**WORK REQUIRED:** Take the entries below and reproduce exactly the portion that begins at the line containing "141 Flanshaw Road Te Atatu South_6" and ends at the line containing "Министр здравоохранения Узбекистана", keeping both ends, dropping pictures, and adding nothing else.

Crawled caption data

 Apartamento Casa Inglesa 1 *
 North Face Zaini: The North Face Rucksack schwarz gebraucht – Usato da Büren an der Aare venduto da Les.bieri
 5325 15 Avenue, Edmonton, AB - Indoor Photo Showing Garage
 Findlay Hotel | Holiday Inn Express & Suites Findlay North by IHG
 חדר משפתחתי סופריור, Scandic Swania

...

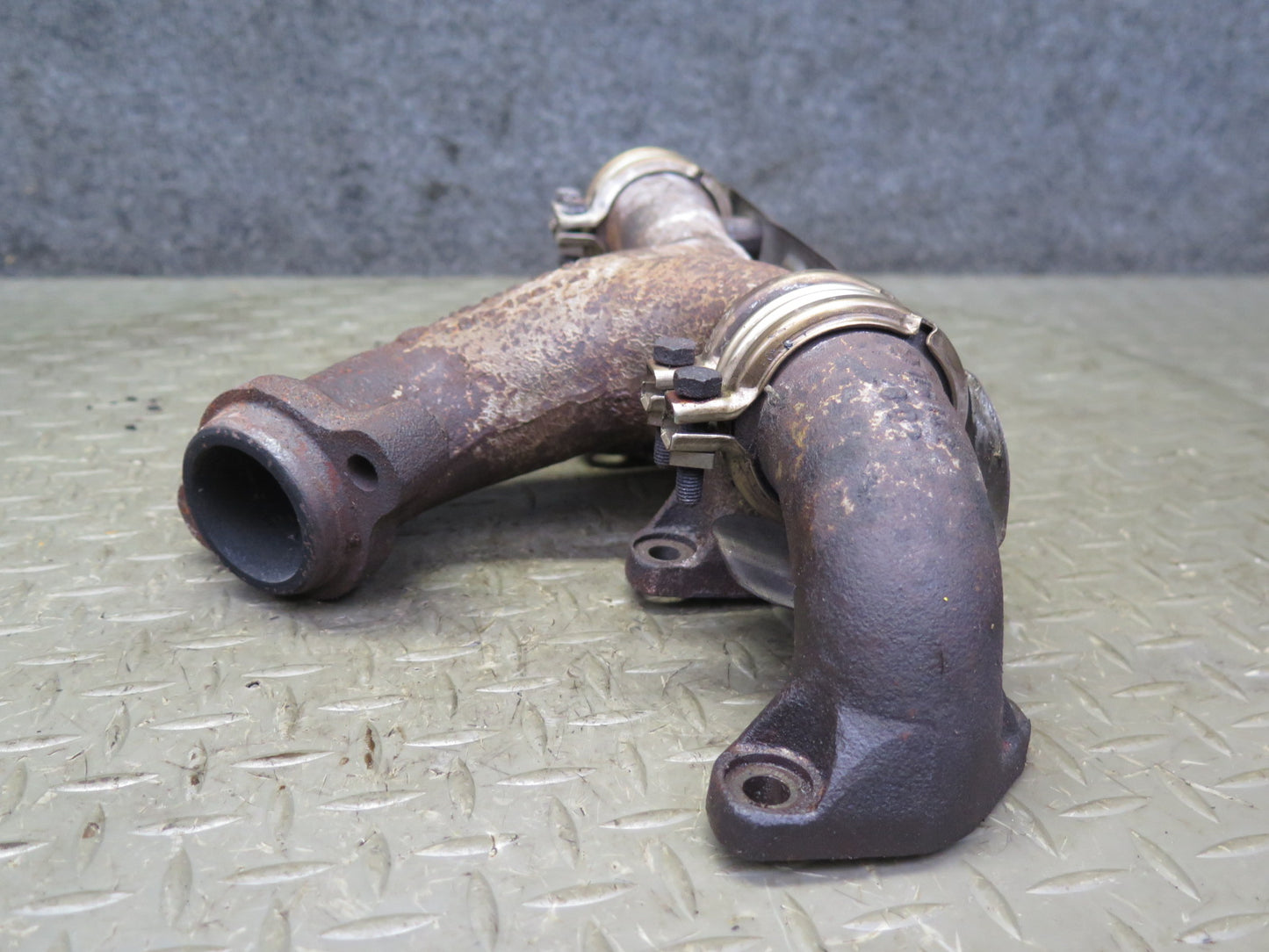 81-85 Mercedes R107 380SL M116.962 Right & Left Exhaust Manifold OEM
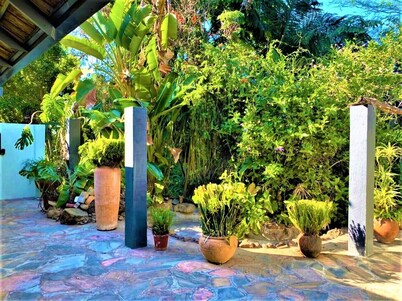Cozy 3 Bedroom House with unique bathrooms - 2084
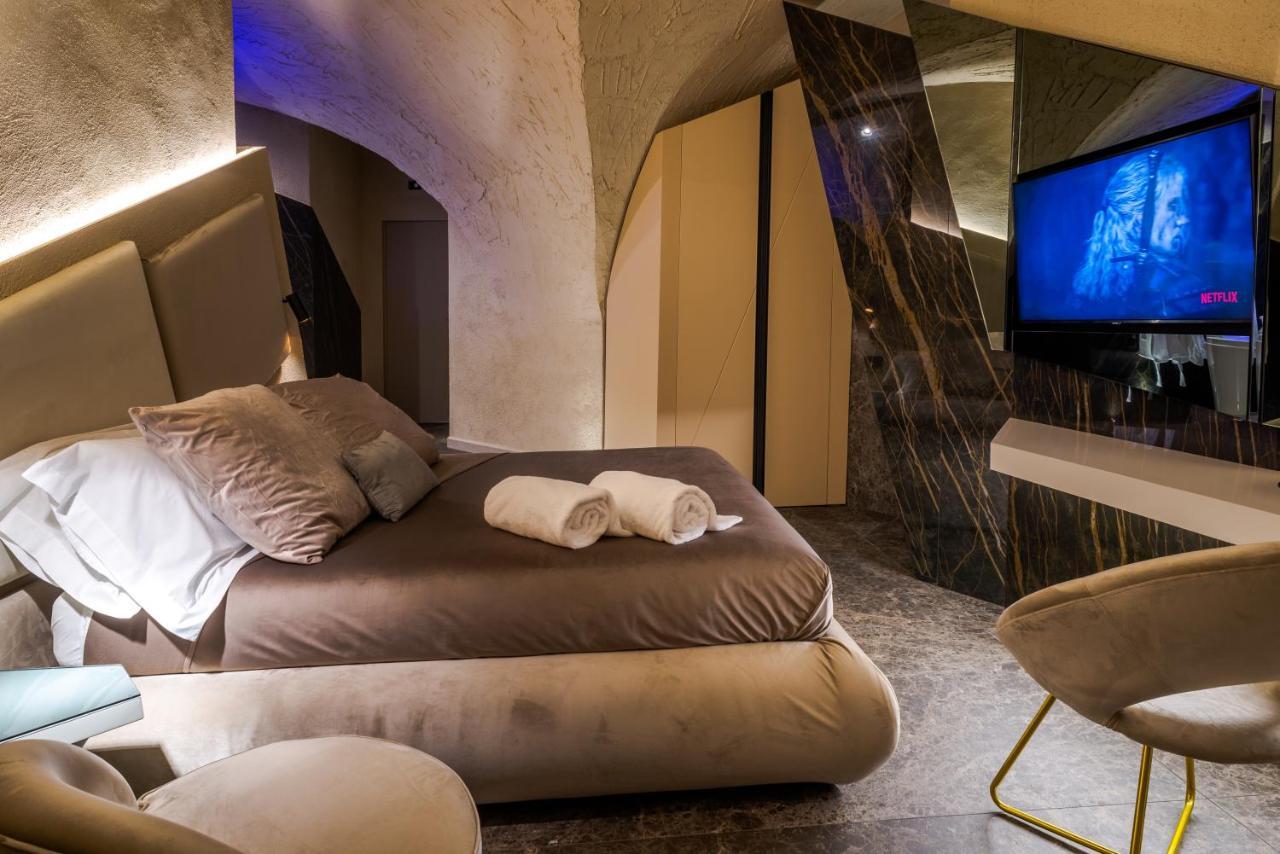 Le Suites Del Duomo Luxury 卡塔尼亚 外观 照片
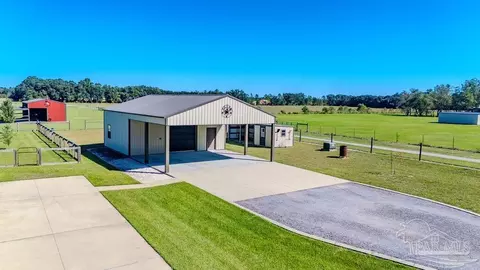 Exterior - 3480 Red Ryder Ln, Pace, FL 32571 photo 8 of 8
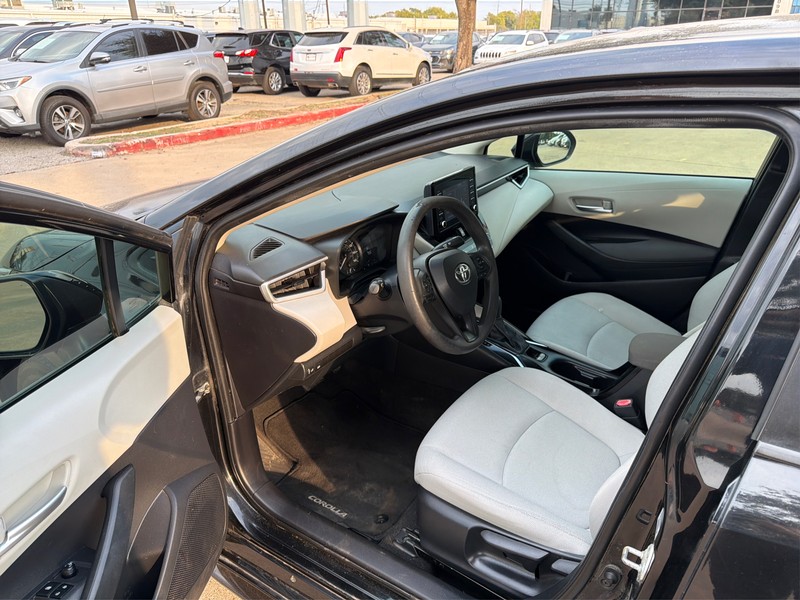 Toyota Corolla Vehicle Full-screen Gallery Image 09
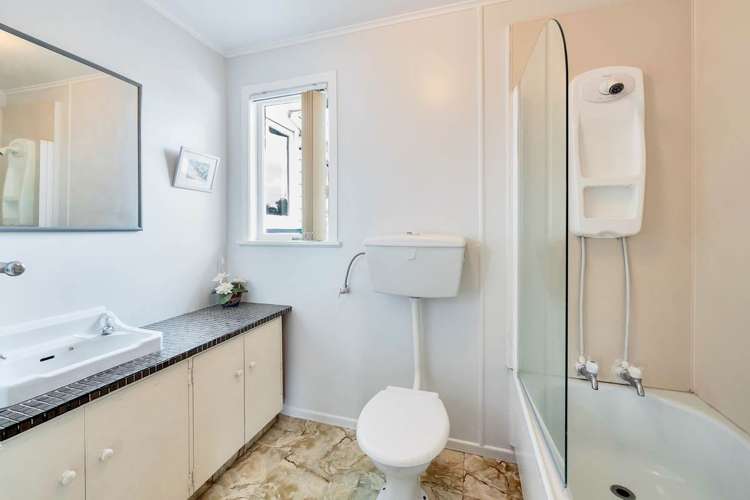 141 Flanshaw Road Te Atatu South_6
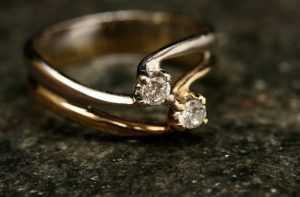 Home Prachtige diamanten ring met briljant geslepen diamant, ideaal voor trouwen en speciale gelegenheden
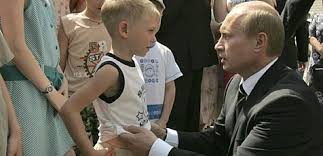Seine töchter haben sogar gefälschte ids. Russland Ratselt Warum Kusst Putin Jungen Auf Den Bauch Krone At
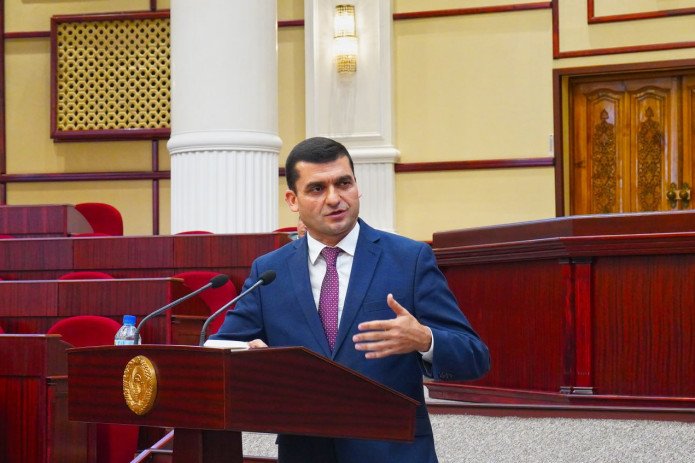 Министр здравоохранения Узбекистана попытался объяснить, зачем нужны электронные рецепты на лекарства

==

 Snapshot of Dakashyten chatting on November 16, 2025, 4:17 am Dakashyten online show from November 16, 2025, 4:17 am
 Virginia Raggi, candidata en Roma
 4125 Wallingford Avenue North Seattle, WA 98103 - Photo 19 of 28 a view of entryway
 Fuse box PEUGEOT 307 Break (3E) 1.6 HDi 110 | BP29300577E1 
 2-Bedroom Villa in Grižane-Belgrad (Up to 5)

**ANSWER TO THE EXERCISE:**
 141 Flanshaw Road Te Atatu South_6
 Home Prachtige diamanten ring met briljant geslepen diamant, ideaal voor trouwen en speciale gelegenheden
Seine töchter haben sogar gefälschte ids. Russland Ratselt Warum Kusst Putin Jungen Auf Den Bauch Krone At
 Министр здравоохранения Узбекистана попытался объяснить, зачем нужны электронные рецепты на лекарства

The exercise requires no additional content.